For the first month – 4 long runs on a Saturday from 12 miles to 15 …… I used do 5 by 1 kilometre usually of a Tuesday nite and 6 to 8 mile tempo of a Thursday night …..
I’d use the mountain bike for one hour Monday’s , Wednesday’s and Sunday’s !
I’d always take the Friday completely off before my long run !
When I was on the bike I would do a lot of out of the saddle work to replicate running !
I kept the training pattern the same throughout the 16 weeks but I increased the long run to 18 to 20 miles in the second and third month !
I ran one 24 mile run a month out from Limerick and finished my long run sessions with a 18 mile run 3 weeks out from Limerick!
I kept my bike sessions the same , the purpose of this was to stay injury free and recover from the running sessions !
Between Limerick and Wexford Marathons
….. The first few days after Limerick I didn’t do anything at all ….
Towards the end of that week I went back on to the mountain bike…. Again only for 1hr sessions …..
I ran for the first time after Limerick around 10 days later keeping my runs easy !
I took the first two weeks after Limerick very easy both on the bike and running to recover !
The third week I went back to my usual training week ….. Some interval training on a Tuesday and a tempo on a Thursday !
I ran a 20 mile run again 3 weeks out from Wexford (5 weeks between Limerick and Wexford ) with the last long run of 10 miles two weeks out from Wexford !
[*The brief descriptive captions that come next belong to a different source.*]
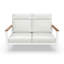 Causeuse d'extérieur en métal avec coussin Sunbrella Townsend-116257306-116257303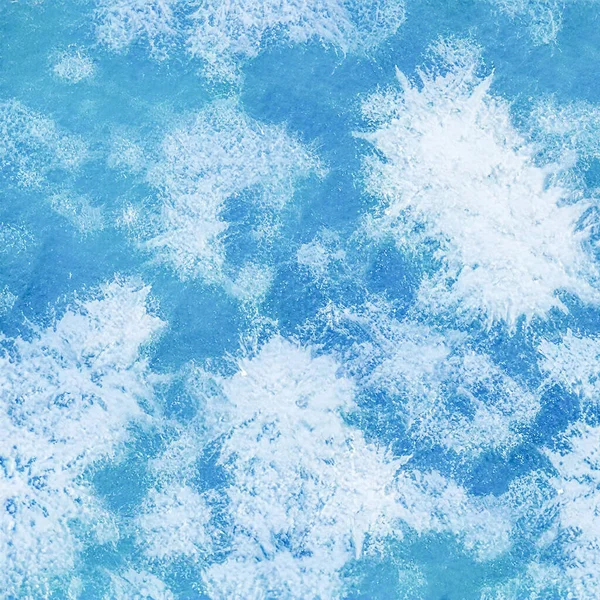 Abstraktní Zimní Pozadí Led Sněhové Vločky — Stock fotografie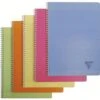 Clairefontaine Cahier à Spirales Linicolor Séyès 180 Pages (A4)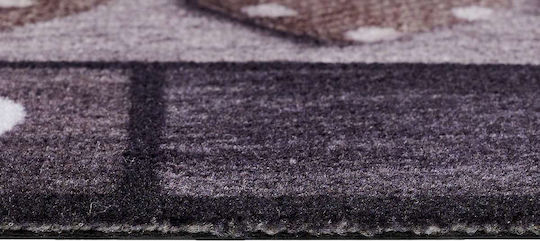 Sdim Covor de Intrare Mochetă cu Suport Antiderapant Ambiance 890 4 Hearts Bej 50x75buc Grosime 8mm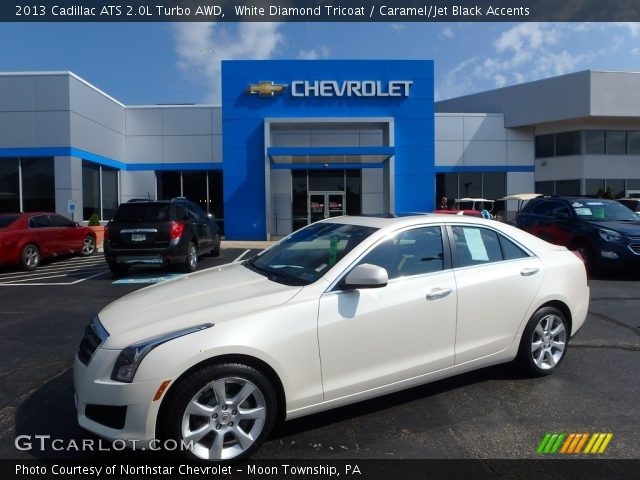 2013 Cadillac ATS 2.0L Turbo AWD in White Diamond Tricoat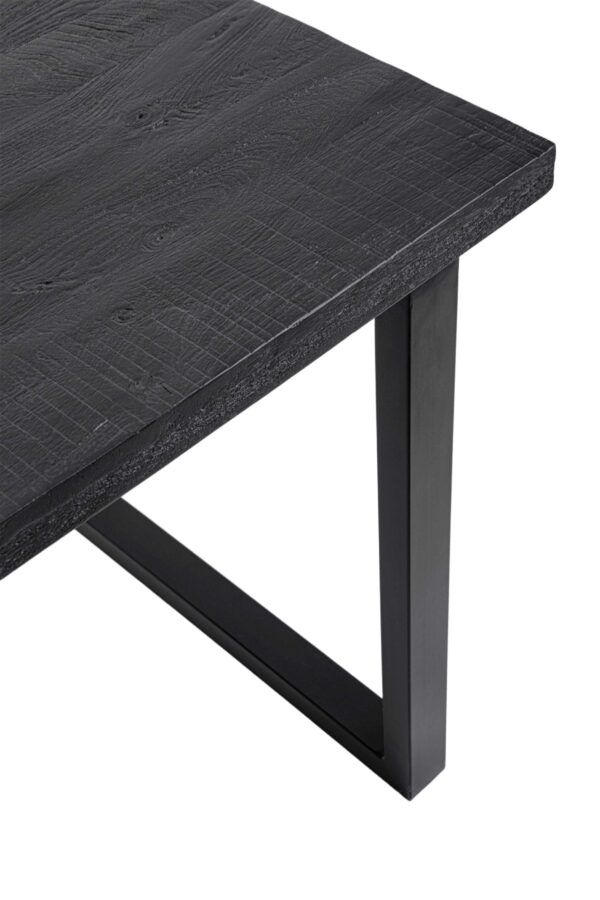 Tavolo rettangolare fisso in legno nero gambe in acciaio Hastings Andrea Bizzotto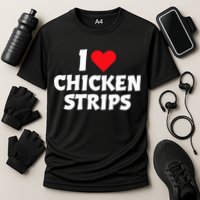 I Love Chicken Strips Crispy Chicken Fingers Fast Food Lover  Cooling Performance Crew T-Shirt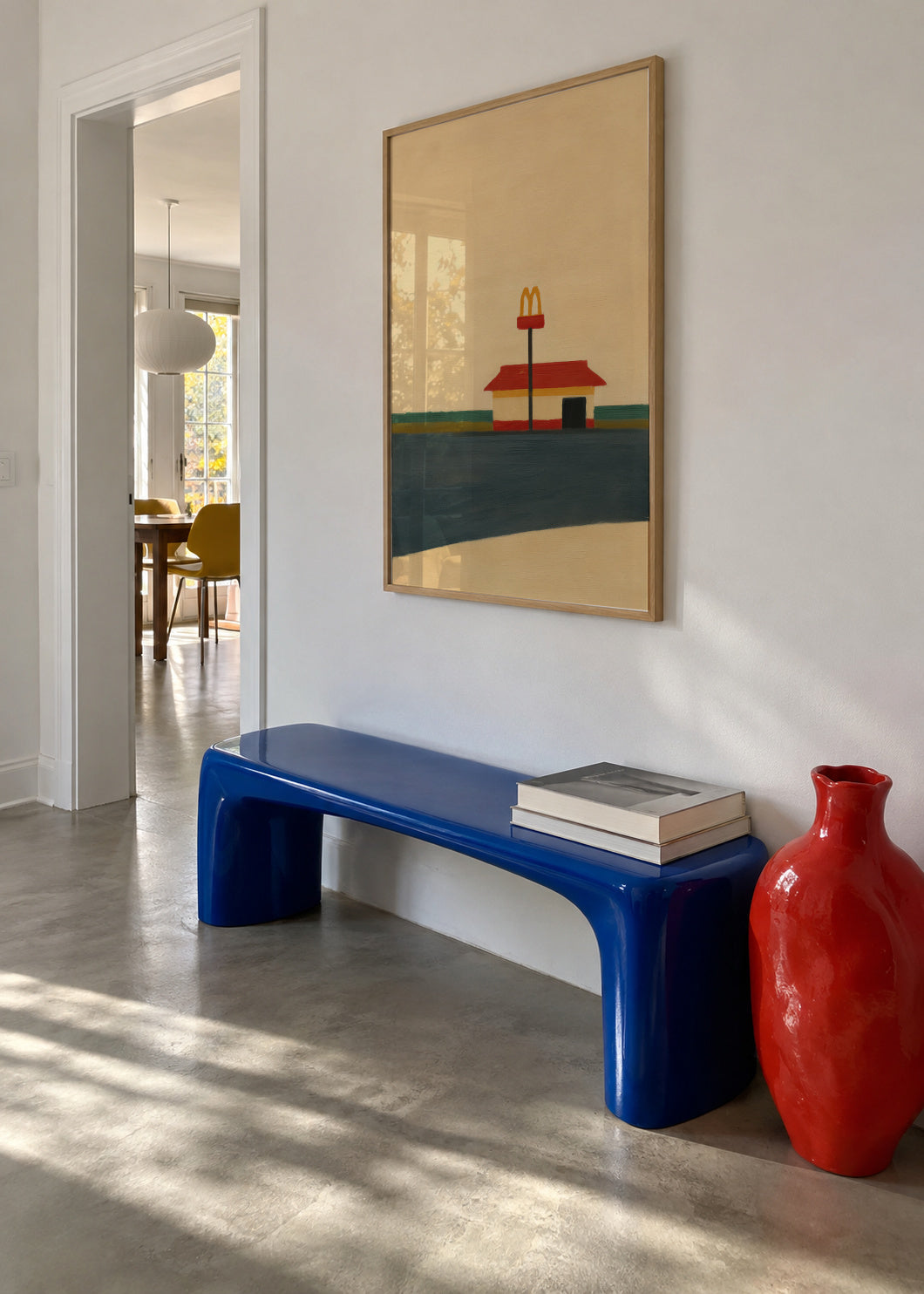 Golden Arches Horizon - Framed poster in an interior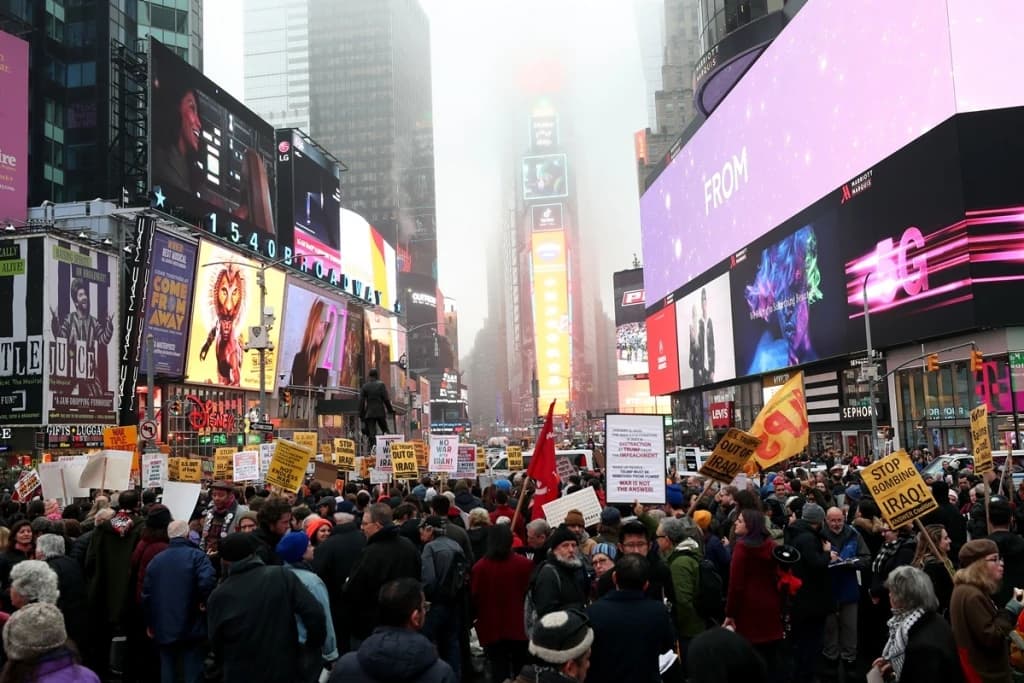 Protest u New Yorku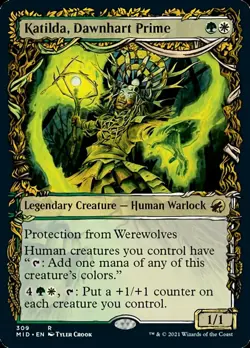 Katilda, Dawnhart Prime x4 - Showcase - Midnight Hunt - MTG MID - Image 1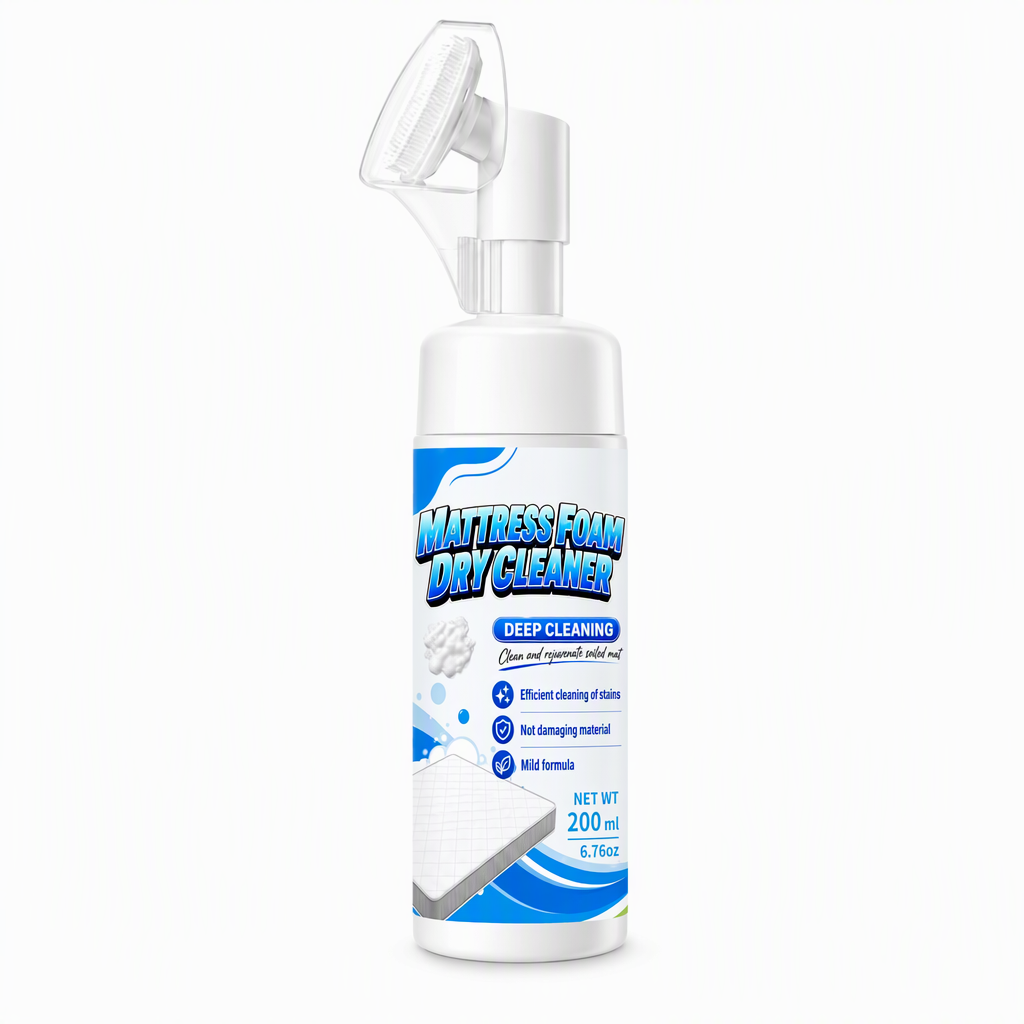 🥳2026 HOT SALE🥳💞50K+ SOLD! 🛏️🧼 50% OFF! No-Rinse Mattress Foam Cleaner – waterless dry foam lifts stains & odours from mattress, sofa & car seats. pH-neutral, quick-dry, no damp spots! 🛡️✅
Sean Mc Fadden Donegal Cyclist, triathlete and runner
Marathon time 2.50 Dublin 2017
I did it last year (2017) did the Ras Tailteann then did Dublin Marathon .. 2.50 in Dublin Marathon 2017 following completion of the Ras in June training began for the Dublin Marathon with running midweek and long cycles at the weekend to retain cycling fitness for an ironman after the marathon
End of contributions
First of all a big thanks you to the contributors. They have been very generous in sharing their training and experiences, which I am sure people will benefit from..Its also clear that there are many ways of achieving the PB but there are also patterns in the contributions.
Look for the patterns and apply them to suit your own circumstances.
Cycling could possibly help with the following
- To assist runners to manage bigger endurance training loads
- To improve leg strength
- For recovery from running training
- Assist in injury reduction / prevention
- Maintain enthusiasm for training
- Cycling is not a substitution for running but supplementary to running as cross training
If Introducing cycling to your running programme
Set your saddle height / and bike position correctly
Cycling can be manipulated through gearing and terrain for recovery, endurance or leg strength.
Easy Cycling for recovery the day after tough training sessions.
Long easy sessions to train the muscles to burn fat more efficiently
Short sharp HIT sessions to improve your maximum aerobic system
As with all training it must be progressive. Always begin from your current fitness level.
Consider join your local running and or cycling club who could have groups training for the marathon. If they don’t already know how cycling can help running maybe you will introduce the concept to them.